Last night’s “feature” was a fascinating documentary on the Black Panthers, originally made by director Stanley Nelson for theatrical release in 2015 and shown last night on the Independent Lens series on PBS. Rather awkwardly titled The Black Panthers: Vanguard of the Revolution, Nelson’s two-hour documentary manages to make the Panthers’ story relevant to 2016 precisely by not pushing the historical parallels in our face, but allowing us to make the connections for ourselves. The famous Black Panthers — the movement that started in Oakland, California in 1966 and quickly spread nationwide — weren’t the first African-American civil rights organization to use the black panther as a symbol (that was the Lowndes County Freedom Organization in Lowndes County, Alabama in 1965; they were a group that thought the Mississippi Freedom Democratic Party had failed because they hadn’t mounted an aggressive enough challenge to the racist Democratic Party establishment in the South, and though they did many of the same things — including registering African-Americans to vote in defiance of the intimidation and sometimes outright violence unleashed upon them by white law enforcement — they did them with an attitude and swagger that the later, more famous Black Panthers learned from and copied), but the Oakland Black Panthers of Huey Newton and Bobby Seale were the ones who became a nationwide sensation and attracted both huge support from the Black community and the full-scale wrath of the white establishment in general and FBI head J. Edgar Hoover in particular.
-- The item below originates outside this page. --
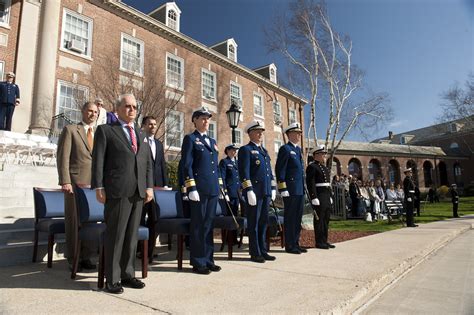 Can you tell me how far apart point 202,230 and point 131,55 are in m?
15.8

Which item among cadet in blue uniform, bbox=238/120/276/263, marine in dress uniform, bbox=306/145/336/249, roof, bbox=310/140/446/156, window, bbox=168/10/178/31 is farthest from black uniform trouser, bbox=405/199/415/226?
roof, bbox=310/140/446/156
Like the current Black Lives Matter movement, the Panthers formed in direct response to police violence aimed at African-Americans, who in major cities like Oakland and Los Angeles routinely stopped Blacks for minor violations — sometimes for no reason at all in a sort of informal version of the “stop-and-frisk” policy actually enacted as official police practice in New York during former Mayor Bloomberg’s administration. What’s more, the cops in these cities (belying California’s largely unearned reputation as a bastion of racial tolerance) were frequently whites who had relocated from the South and brought their good-ol’-boy racial prejudices with them, and of course those prejudices directly affected how they did their jobs.
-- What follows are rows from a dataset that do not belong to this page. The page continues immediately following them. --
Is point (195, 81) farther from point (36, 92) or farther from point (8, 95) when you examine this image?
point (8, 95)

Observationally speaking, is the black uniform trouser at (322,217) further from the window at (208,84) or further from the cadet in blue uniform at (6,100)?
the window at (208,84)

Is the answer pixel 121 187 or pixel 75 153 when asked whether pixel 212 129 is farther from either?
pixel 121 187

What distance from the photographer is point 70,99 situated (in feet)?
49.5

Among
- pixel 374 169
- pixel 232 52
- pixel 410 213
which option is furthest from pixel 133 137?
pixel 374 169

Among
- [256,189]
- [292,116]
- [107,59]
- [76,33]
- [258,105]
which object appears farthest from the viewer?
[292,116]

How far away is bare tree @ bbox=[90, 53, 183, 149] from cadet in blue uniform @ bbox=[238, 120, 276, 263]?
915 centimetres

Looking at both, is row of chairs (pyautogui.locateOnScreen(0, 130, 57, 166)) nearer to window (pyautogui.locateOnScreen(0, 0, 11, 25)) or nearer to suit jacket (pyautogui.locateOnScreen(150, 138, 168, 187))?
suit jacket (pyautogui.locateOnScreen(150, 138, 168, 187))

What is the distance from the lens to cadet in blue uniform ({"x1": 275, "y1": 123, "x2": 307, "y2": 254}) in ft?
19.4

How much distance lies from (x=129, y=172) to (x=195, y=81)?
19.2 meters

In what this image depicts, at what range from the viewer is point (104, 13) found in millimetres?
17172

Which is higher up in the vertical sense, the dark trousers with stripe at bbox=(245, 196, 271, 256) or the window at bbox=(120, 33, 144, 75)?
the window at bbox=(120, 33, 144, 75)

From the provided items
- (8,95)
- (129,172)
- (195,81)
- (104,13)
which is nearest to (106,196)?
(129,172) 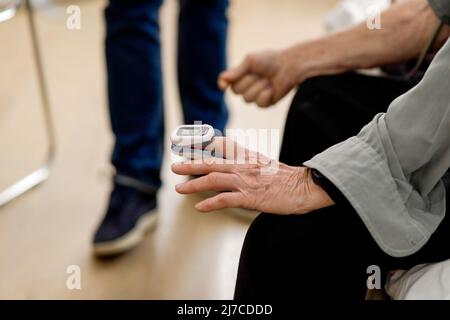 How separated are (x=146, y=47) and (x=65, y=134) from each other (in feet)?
1.91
The Black Panthers were also the product of a ferment in the African-American community over the slow pace of change; they were rebels not only against the white establishment but against the Black establishment, the network of church-based organizations that had founded the civil rights movement of the late 1950’s and early 1960’s and had won pro forma legal equality with the 1954 Brown v. Board of Education decision, the Civil Rights Act of 1964 and the Voting Rights Act of 1965. What the civil rights activists hadn’t been able to do was make much of a dent in the overall oppression of African-Americans, particularly their relegation to low-paying jobs (or no jobs at all) and slum neighborhoods. Nor had they been able to do much about the constant persecution of African-Americans by white police officers, fully supported by the people who ran police departments — including the notoriously open racist William Parker of L.A., a hero in the white community for having rooted out the open corruption that had plagued the LAPD for decades and a villain in the Black community for policing it as if his forces were an occupying army. (Surviving documents in the FBI archives show that even J. Edgar Hoover — who emerges early on as the principal villain in The Black Panthers: Vanguard of the Revolution — thought Parker was crazy.) The Black Panthers organized in Oakland in 1966 after having researched the gun laws in California and found out that it was perfectly legal to carry weapons in public places as long as they were in plain sight (i.e., not concealed), and their first project was to send out their members in cars to patrol the streets and watch for police that looked like they might be abusing African-American civilians. If they saw an incident in progress, they would pull up, park, watch the alleged abuse in process and be close enough to witness it but not so close that they could be accused of being in the way in case what was going on was legitimate law enforcement. Indeed, the group’s original name was “Black Panther Party for Self-Defense,” though they quickly dropped the last three words because they wanted to emphasize that they were a full-fledged political party with a program and a vision for how to achieve it. The Black Panthers eventually adopted the following 10-point program:
- We Want Freedom. We Want Power To Determine The Destiny Of Our Black Community.
We believe
that Black people will not be free until we are able to determine our destiny.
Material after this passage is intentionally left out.